ENTRIES PROVIDED
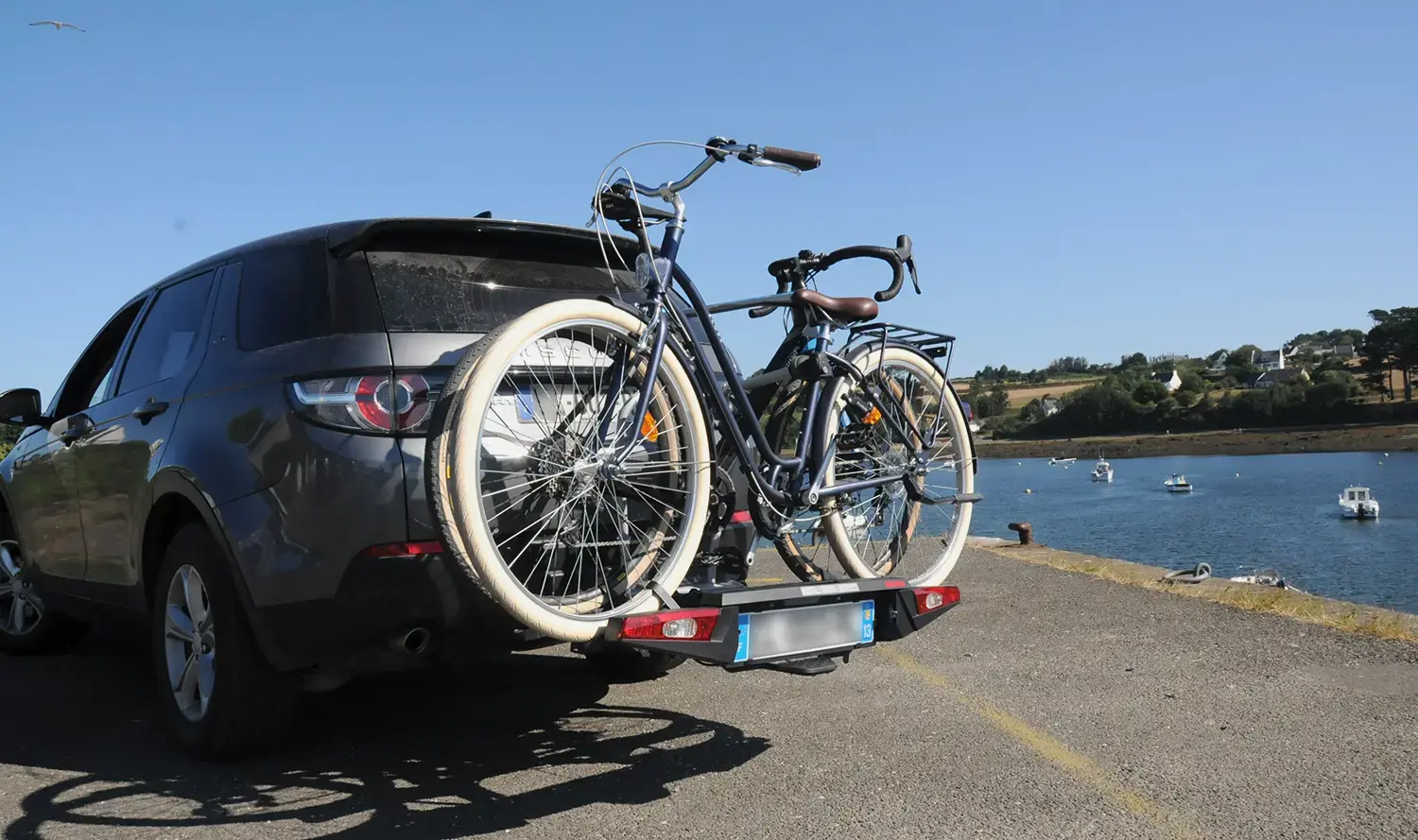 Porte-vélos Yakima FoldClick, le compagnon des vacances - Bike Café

==

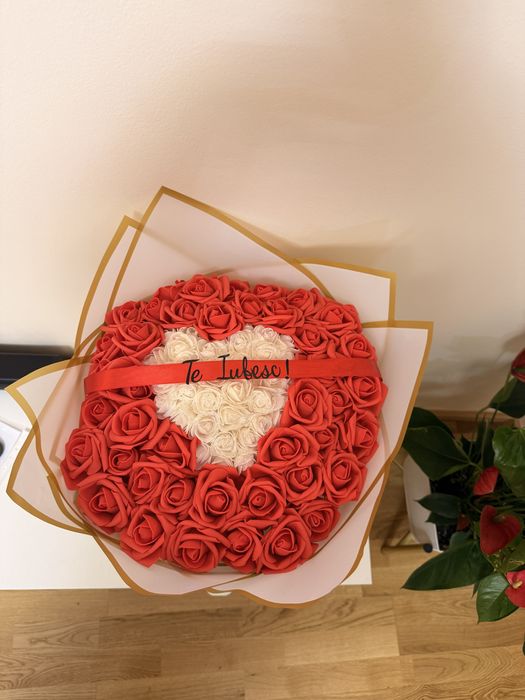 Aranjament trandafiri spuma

--

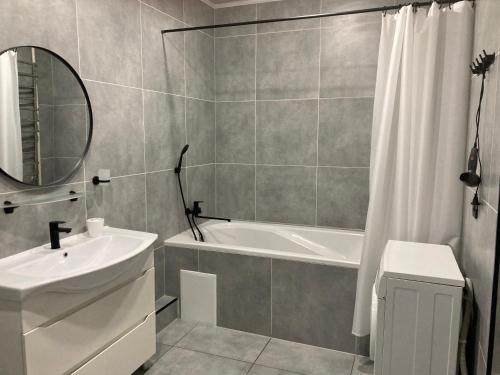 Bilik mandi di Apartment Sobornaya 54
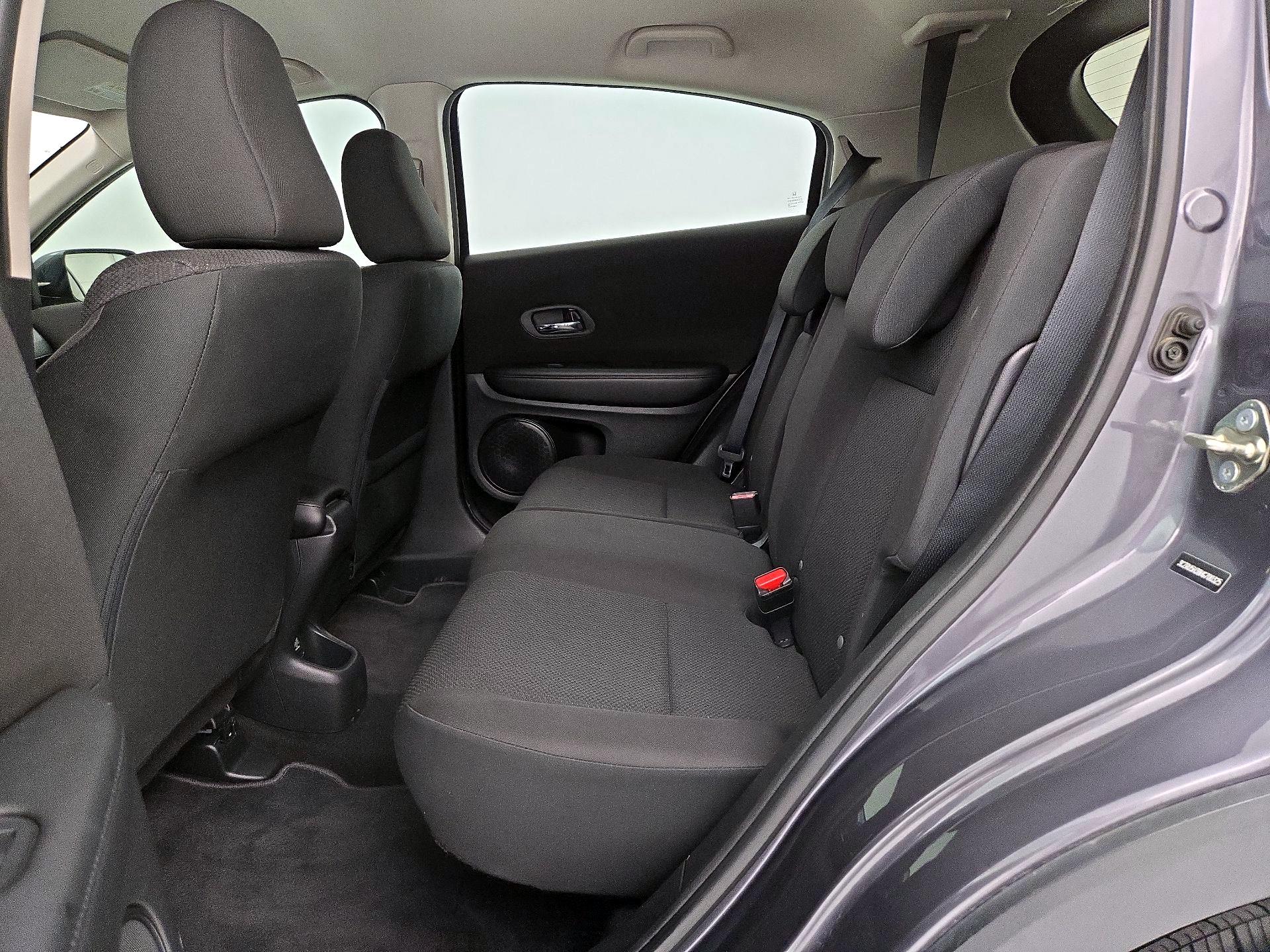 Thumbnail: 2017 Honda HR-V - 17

WHAT YOU WILL DO
Starting at the line above that holds "Bilik mandi di Apartment Sobornaya 54", repeat every line exactly down to and including the line that holds "Thumbnail: 2017 Honda HR-V - 17", then stop. Do not carry over any pictures.

RESPONSE TO THIS TASK
 Bilik mandi di Apartment Sobornaya 54
 Thumbnail: 2017 Honda HR-V - 17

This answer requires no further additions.